I was recently at The Smoke, a festival of chamber larp in London. There I played the beautiful non-verbal larp "Westwind", designed by Mo Holkar. Today at lunch I watched, quite arbitrarily, a talk he gave on the way that players cooperate to avoid holes appearing within the logic of the larps they're playing:

(it's a good talk, and short)

And this got me thinking about the idea of playing with two brains - an in-game brain and an out-of-game brain. The in-game brain is trying to win*, the out-of-game brain is thinking about what winning would consist of, what kind of person the in-game character is, the social rules of the play, and how to facilitate good play for other people. Or, sometimes, how other people ought to be facilitating good play for you. I find this is a particularity of role play - the need to exist on these two levels simultaneously, to exist within a role and also to determine what that role should be. It's beautiful, if also tiring.

Compare this against David Sirlin, a designer who typically works within fighting games, and his idea of "the scrub". His book "Playing To Win" revolves around the idea of the scrub, someone who is attached to limited ideas of what play is considered valid and therefore does not play as hard as it would be possible to play. A player who has a goal other than winning. I think ultimately David Sirlin's ideas come from an aesthetic place - he finds these social metarules fuzzy and ugly, he finds the appeals to these social metarules contemptible, and he finds a pure beauty in deep exploration of the actual rules of the game. A depth of exploration which is inhibited by these social rules. I guess a classic example of this would be the Fosbury Flop - finding an entirely new way to jump over a pole, a way that is unconventional and against custom but nevertheless superior. Would high jumping be as interesting if discovering such a thing was not permitted?
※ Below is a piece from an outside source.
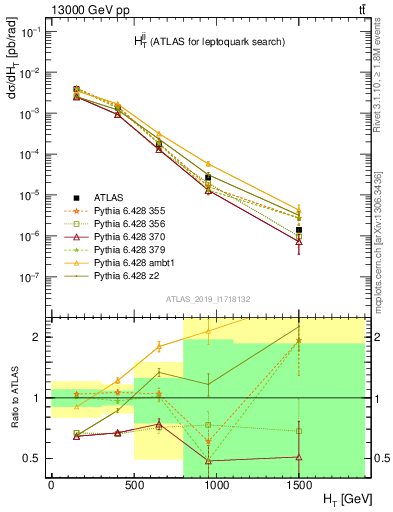 Plot of jj.ht in 13000 GeV pp collisions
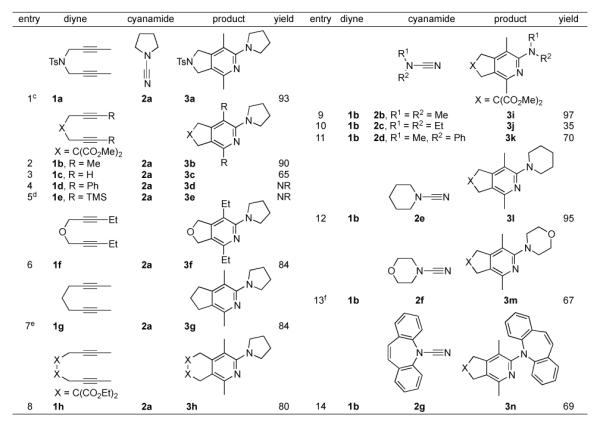 graphic file with name nihms-401031-t0018.jpg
And I do feel compelled to make the obvious statement: role playing games and fighting games are different types of game. I mean, it's not even clear to me that a larp and a videogame are both the same category of thing in a fundamental sense - the nature of what a "rule" is is fundamentally different if it is enforced socially versus whether it is enforced programmatically (different again if it is enforced by physics, to return to high jumping for a sec). But also worth thinking how depth can extend in different directions, and how beauty can be found in many places.

* This word "win" is tricky. I don't know that I think it's correct. I considered "achieve their current goals", which is vaguer but I think also wrong in a fundamental way. When you are embodying a character in role play, the character can have many contradictory desires and impulses, many not even known to themselves. What are you trying to do with your life? What rubric guides the actions you take? Why should the answer be any simpler for a fictional character?